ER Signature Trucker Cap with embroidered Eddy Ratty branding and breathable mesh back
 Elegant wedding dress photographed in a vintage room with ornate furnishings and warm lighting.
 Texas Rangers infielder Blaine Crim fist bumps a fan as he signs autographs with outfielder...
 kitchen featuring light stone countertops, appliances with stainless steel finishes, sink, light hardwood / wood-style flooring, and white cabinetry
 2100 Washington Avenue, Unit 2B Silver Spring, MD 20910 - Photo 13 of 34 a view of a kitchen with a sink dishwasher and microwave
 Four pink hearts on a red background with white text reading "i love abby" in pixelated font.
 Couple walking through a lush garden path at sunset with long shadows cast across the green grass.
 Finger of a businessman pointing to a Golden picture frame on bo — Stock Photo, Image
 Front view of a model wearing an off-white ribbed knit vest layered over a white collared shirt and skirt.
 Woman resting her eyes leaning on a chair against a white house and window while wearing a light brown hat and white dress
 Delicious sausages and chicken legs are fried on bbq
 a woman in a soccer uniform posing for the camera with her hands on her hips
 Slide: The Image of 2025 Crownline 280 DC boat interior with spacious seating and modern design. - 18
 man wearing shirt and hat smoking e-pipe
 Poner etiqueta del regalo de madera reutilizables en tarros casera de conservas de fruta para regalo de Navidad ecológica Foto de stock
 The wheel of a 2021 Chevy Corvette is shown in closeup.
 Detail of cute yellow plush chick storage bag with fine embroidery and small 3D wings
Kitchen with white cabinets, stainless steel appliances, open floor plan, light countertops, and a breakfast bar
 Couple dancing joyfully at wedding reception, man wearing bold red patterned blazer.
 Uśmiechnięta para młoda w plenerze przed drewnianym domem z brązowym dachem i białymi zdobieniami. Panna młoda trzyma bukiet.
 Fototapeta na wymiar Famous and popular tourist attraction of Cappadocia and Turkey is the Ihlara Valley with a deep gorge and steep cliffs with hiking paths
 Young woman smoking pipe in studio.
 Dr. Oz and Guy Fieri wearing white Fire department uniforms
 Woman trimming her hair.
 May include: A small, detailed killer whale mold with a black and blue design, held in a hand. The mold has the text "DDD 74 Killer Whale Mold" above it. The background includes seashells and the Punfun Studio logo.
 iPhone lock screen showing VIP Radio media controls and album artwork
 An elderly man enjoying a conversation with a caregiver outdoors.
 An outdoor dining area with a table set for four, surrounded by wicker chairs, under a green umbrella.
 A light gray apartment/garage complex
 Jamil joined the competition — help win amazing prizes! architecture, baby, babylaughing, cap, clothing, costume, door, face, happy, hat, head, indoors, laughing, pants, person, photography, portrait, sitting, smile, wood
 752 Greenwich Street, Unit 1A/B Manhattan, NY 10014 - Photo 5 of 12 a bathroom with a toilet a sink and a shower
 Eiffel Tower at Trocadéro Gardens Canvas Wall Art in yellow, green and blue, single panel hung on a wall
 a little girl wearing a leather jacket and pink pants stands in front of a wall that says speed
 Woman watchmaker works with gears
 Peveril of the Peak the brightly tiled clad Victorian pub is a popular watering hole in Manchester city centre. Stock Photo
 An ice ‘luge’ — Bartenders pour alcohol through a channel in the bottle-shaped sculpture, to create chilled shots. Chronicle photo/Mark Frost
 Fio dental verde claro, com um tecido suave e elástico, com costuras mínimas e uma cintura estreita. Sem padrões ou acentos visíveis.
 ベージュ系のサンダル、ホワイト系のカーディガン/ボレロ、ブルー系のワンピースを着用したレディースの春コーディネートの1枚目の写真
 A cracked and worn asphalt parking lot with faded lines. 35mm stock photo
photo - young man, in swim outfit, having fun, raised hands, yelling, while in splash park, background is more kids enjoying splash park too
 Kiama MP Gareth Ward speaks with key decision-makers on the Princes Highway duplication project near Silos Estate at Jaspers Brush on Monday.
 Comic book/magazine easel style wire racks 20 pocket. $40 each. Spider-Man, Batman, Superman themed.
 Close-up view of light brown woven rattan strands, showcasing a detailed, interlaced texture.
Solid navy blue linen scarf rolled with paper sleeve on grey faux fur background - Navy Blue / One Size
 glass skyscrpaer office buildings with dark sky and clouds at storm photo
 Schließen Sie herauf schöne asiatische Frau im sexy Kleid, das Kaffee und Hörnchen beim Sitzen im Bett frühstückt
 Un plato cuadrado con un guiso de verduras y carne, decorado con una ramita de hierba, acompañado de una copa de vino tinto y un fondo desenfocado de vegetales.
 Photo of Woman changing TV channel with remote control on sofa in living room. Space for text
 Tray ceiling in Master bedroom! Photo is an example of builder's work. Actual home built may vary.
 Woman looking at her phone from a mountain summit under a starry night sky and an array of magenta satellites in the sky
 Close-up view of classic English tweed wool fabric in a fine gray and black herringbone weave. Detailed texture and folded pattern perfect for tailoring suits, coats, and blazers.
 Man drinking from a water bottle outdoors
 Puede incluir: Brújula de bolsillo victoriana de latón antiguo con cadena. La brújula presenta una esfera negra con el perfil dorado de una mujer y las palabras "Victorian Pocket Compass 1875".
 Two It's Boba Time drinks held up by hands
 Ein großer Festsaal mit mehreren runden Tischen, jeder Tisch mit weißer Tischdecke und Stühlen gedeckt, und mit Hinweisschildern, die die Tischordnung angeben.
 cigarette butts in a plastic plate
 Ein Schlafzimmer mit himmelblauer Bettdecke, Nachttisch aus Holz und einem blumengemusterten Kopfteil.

================================

> _ACTIVITY_: Indicate how many lines in the records above contain the word "white", giving only the number.

> _EXERCISE SOLUTION_: 6